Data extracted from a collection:

# # #

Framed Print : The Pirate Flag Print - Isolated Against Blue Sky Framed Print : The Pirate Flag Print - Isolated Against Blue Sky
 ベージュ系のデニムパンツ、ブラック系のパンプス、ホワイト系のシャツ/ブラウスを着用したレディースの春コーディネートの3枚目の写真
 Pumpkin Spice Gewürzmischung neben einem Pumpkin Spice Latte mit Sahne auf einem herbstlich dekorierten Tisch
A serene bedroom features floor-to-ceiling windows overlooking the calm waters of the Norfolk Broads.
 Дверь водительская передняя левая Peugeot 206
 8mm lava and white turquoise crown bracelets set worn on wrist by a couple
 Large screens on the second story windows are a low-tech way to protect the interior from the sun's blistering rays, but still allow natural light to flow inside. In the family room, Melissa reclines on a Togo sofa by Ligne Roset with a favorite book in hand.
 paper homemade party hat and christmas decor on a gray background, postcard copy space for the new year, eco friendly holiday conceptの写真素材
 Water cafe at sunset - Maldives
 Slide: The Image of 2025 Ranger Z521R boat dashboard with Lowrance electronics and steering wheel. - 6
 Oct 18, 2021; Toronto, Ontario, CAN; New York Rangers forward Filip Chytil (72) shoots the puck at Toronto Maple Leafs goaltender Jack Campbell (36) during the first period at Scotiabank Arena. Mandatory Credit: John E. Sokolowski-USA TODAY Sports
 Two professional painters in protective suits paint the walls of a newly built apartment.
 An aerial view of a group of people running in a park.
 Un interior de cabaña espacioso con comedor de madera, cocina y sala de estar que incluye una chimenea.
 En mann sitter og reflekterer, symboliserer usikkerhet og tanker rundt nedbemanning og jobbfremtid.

# # #

* EXERCISE: Reprint every entry exactly.

* ANSWER SPACE:
Framed Print : The Pirate Flag Print - Isolated Against Blue Sky Framed Print : The Pirate Flag Print - Isolated Against Blue Sky
 ベージュ系のデニムパンツ、ブラック系のパンプス、ホワイト系のシャツ/ブラウスを着用したレディースの春コーディネートの3枚目の写真
 Pumpkin Spice Gewürzmischung neben einem Pumpkin Spice Latte mit Sahne auf einem herbstlich dekorierten Tisch
A serene bedroom features floor-to-ceiling windows overlooking the calm waters of the Norfolk Broads.
 Дверь водительская передняя левая Peugeot 206
 8mm lava and white turquoise crown bracelets set worn on wrist by a couple
 Large screens on the second story windows are a low-tech way to protect the interior from the sun's blistering rays, but still allow natural light to flow inside. In the family room, Melissa reclines on a Togo sofa by Ligne Roset with a favorite book in hand.
 paper homemade party hat and christmas decor on a gray background, postcard copy space for the new year, eco friendly holiday conceptの写真素材
 Water cafe at sunset - Maldives
 Slide: The Image of 2025 Ranger Z521R boat dashboard with Lowrance electronics and steering wheel. - 6
 Oct 18, 2021; Toronto, Ontario, CAN; New York Rangers forward Filip Chytil (72) shoots the puck at Toronto Maple Leafs goaltender Jack Campbell (36) during the first period at Scotiabank Arena. Mandatory Credit: John E. Sokolowski-USA TODAY Sports
 Two professional painters in protective suits paint the walls of a newly built apartment.
 An aerial view of a group of people running in a park.
 Un interior de cabaña espacioso con comedor de madera, cocina y sala de estar que incluye una chimenea.
 En mann sitter og reflekterer, symboliserer usikkerhet og tanker rundt nedbemanning og jobbfremtid.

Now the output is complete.